Oren Tirosh oren-py-l at hishome.net
Sun Mar 23 11:48:13 CET 2003


On Sat, Mar 22, 2003 at 09:33:37PM +0000, Byron Morgan wrote:
> Greetings all,
> 
> I need to build an app to do the following:
> 
> 1. monitor two serial ports: port A polls for data, B carries responses from
> a population of 1000 mobile radios
> 2. match polls to responses based on timing window (between .033 & .066
> seconds) after poll is transmitted
> 3. do something interesting to selected poll - response pairs
> 4. forward results via inet (as telnet stream or cgi post, not decided yet)
> 
> Should I try to do it all in a single program, using threading (haven't
> tried threading yet), or use a parent app to do the interesting stuff and
> two children to monitor the ports and supply the data? If the latter, how
> best to handle the interprocess comms? I haven't started experimenting with
> the live data yet, but it seems to me the single most important part will be
> to get the timing stuff right (can't be off doing something else while a new
> message is waiting to be read).

The answer doesn't have much to do with Python.

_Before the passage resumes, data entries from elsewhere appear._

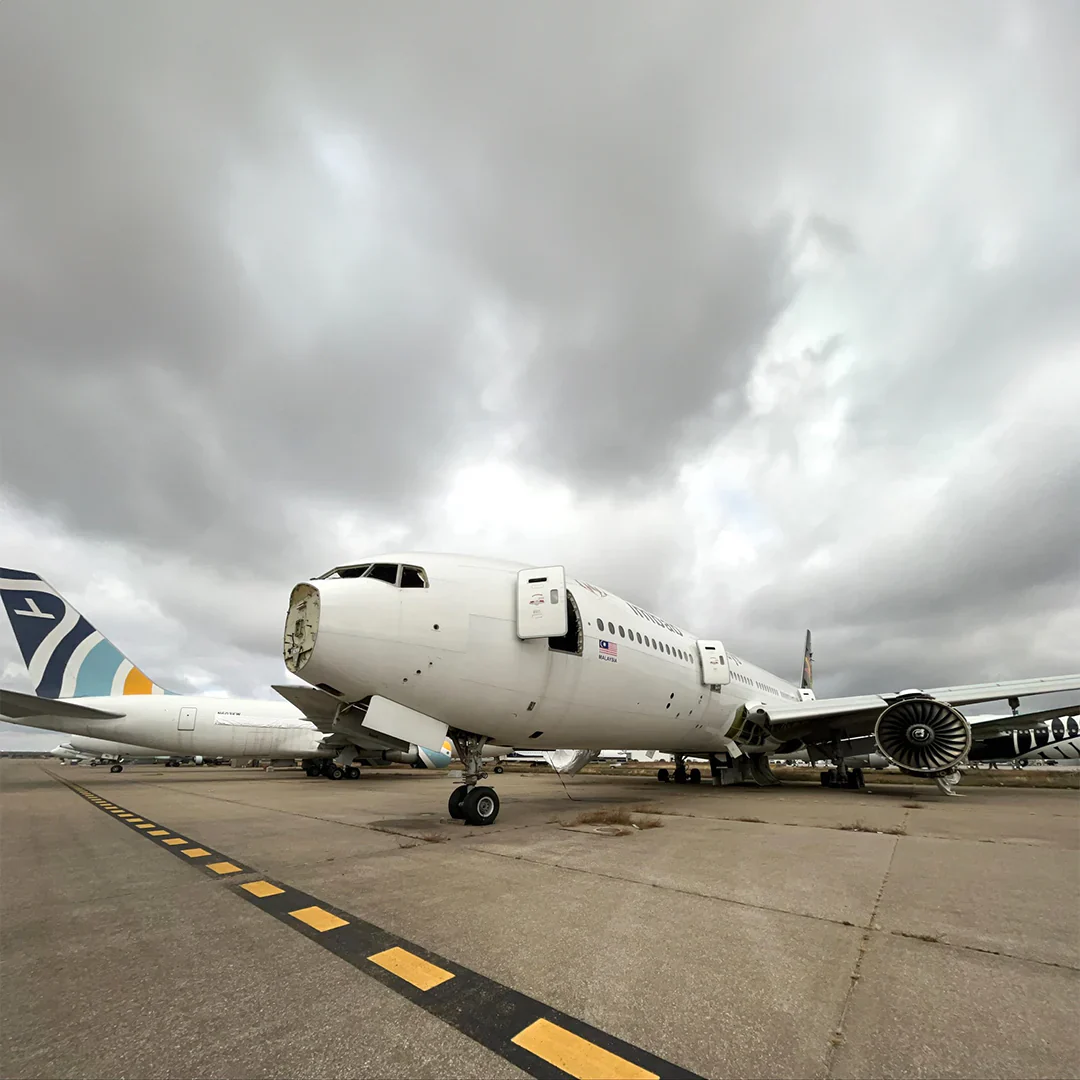 Boeing 777 - N661WT - Red - Image 5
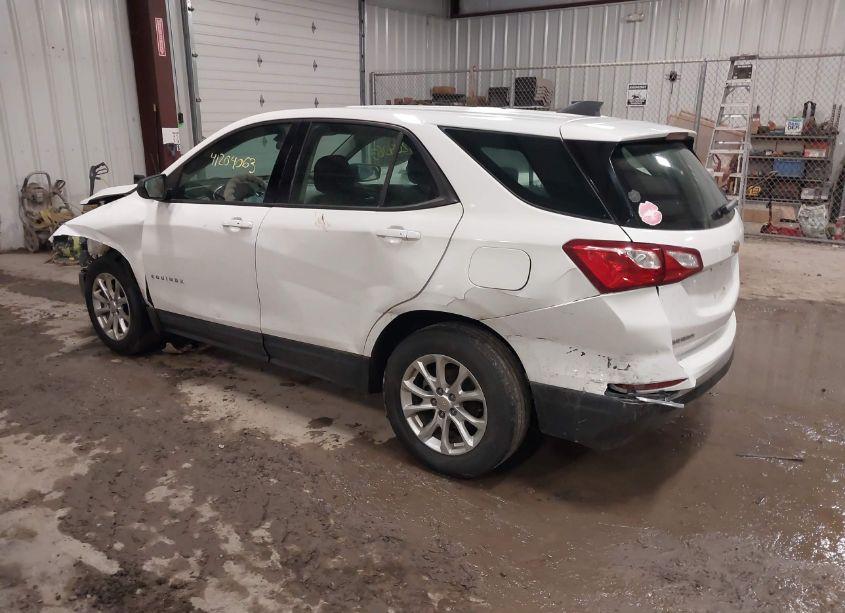 Photo 3 of 2018 Chevrolet Equinox LS (VIN 2GNAXHEV1J6152520)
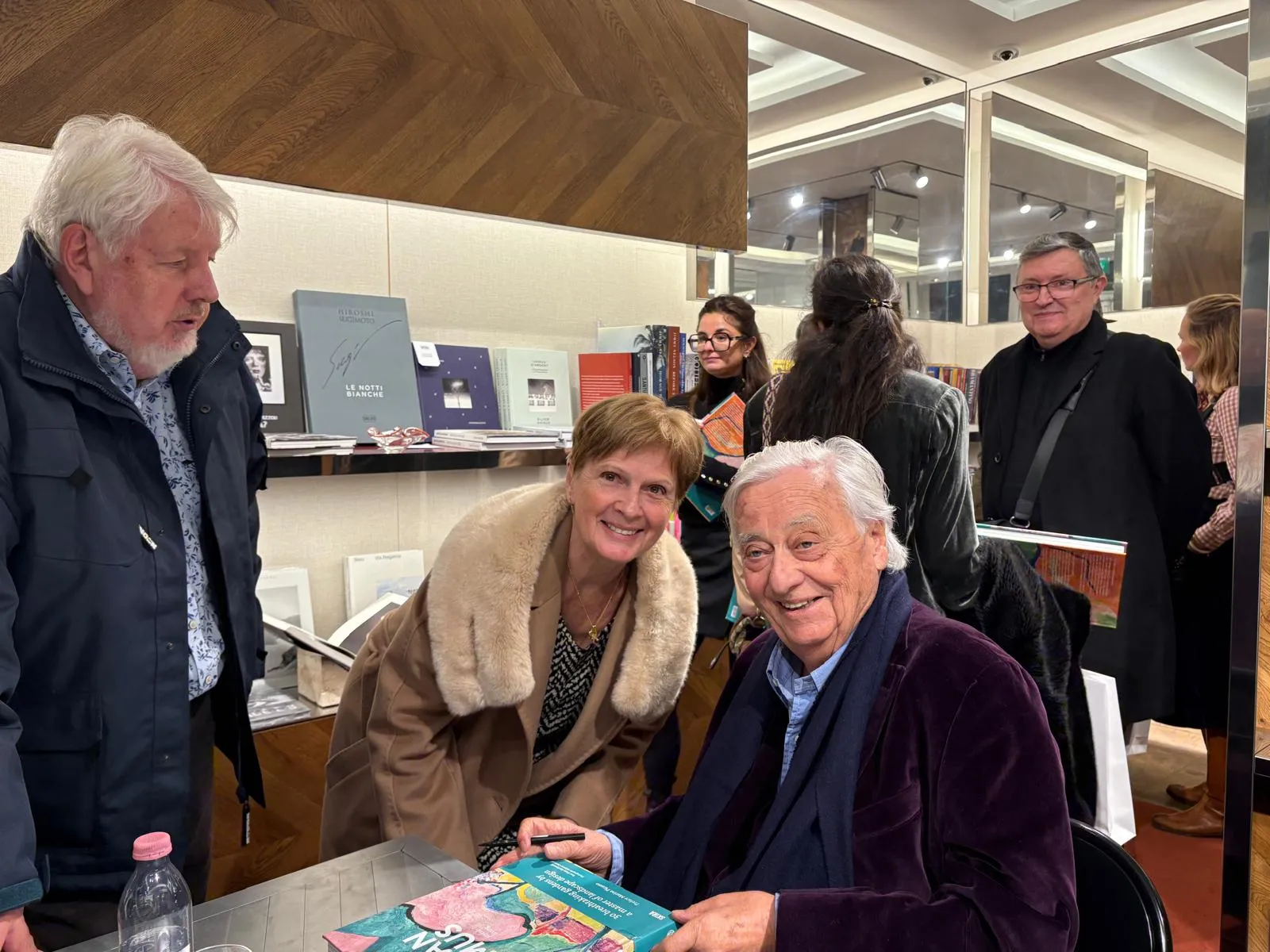 Nouveau livre : Le bonheur de vivre-74a4bc5b-1c01-472a-8ae4-c3c1d4220b95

The 33 milliseconds requirement is a little tight for non real-time 
operating systems like Unix and Windows. You will get much better 
resolution most of the time, but it's not guaranteed. How hard is this 
real-time constraint? What is the cost of missing it? A radio system has
a pretty high chance of data loss anyway so I guess it's not too much
of a problem but when it does miss - do you *have* to know that you 
missed so you will not generate erroneous results? Is it ok to timestamp 
the message and do the rest of the processing at a more leisurely pace?

A small C program (or two) running with locked memory and high priority 
could handle the low-level communication and timestamping. It can be 
connected to a Python program that generates and analyses the actual 
messages using popen or a tcp socket.